Ryan Serhant started his career in hand modeling for $150 an hour — the money paid for his real estate company, and now he’s selling nine-figure penthouses to billionaires



Ryan Serhant Ubiquity – This ubiquity is no accident.

You might recognize the 41-year-old from the past nine seasons New York Million Dollar Listinghis own Netflix series own manhattanor a for-sale sign bearing his name as his real estate empire has expanded to more than a dozen states.

But none of this happened overnight.

When Serhant graduated from college, his ambitions were modest. He had no clear career path or master plan. Instead, he had one goal: move to New York City and figure out the rest.

“It’s not about finding happiness. It’s not about chasing success,” Serhant told us wealth. “At least initially, if you can make it in New York, you can make it anywhere.”

To achieve this goal, he used what little money he had saved while working on a ranch in Colorado and took any job he could to make ends meet. These included becoming a hand model for $150 an hour—money he later used to fund his first real estate investment—and handing out as many as 500 Equinox gym flyers a day.

Flyers jobs are not about the paycheck. In exchange, Serhant gets free access to the gym and, more importantly, free access to the gym’s wealthy clients.

It was an early lesson in cyber strategy that he still believes in today. Serhant follows what he calls the “two C’s”: always offer compliments and find common ground.

This mentality goes far beyond the gym and casting. “I never wanted to be beholden to anyone,” Serhant said. “I never wanted a boss who hired me one day and fired me another. I wanted to create something for myself.”

He built something for himself. Today, Serhant is the CEO of SERHANT, a Brokers and media companies The company had more than $6 billion in sales last year and regularly markets nine-figure penthouses to billionaire buyers.

Serhant’s secret to building a national brand—while staying true to your roots

Breaking into real estate is notoriously difficult. Thousands of agents enter the industry every year, Many leave within just a few yearsciting pay inconsistency, cutthroat competition and burnout.

Serhant knew it wasn’t enough to just sell the apartments.

“I even believed early on that a brand would never be about property, it would be about people,” he said.

This philosophy shapes everything about him, from his social media presence to his television career to the way he structures his agency. While many CEOs move away from real work once they reach the top, Sehant sticks to the grind that made him successful in the first place. That’s why he personally still sells properties—even though he has hundreds of agents working for him.

“I think it’s really important for CEOs to never give up on what got them to this point in the first place,” he added.

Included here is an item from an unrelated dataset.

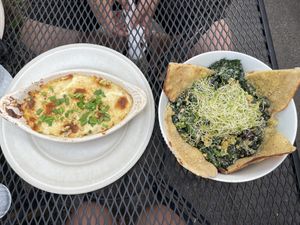 Mac n cheese & Caesar salad   at Journey Cafe in Kailua Kona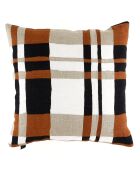 Housse de coussin en Lin & Coton Cork caramel - 45x45 cm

Just last year, Serhant represented Andy Cohen at Sale Dave Portnoy in his $12 million West Village condo Buy Florida Keys home worth $27.75 million to British investor Sale Palm Beach mansion worth $72 million.

Still, not every day is as easy as it seems to his millions of TV show viewers or social media followers.

“I’ve always had hard days. Every day is hard,” Serhant said. “I don’t want anyone to have the title of ‘CEO’.”

It’s not all the money that keeps him going, which he calls a “moving target,” but the realization that tomorrow is the next opportunity to make changes and achieve his goals. Without the latter, work becomes endless: “Otherwise I feel like I’m running a marathon when I wake up with no end in sight.”

In 2026, Serhant will focus on expanding into new creative sectors while expanding SERHANT into an AI-first agency. He plans to more than triple his state footprint, but he’s still betting on his momentum from handing out gym fliers to landing nine-figure deals.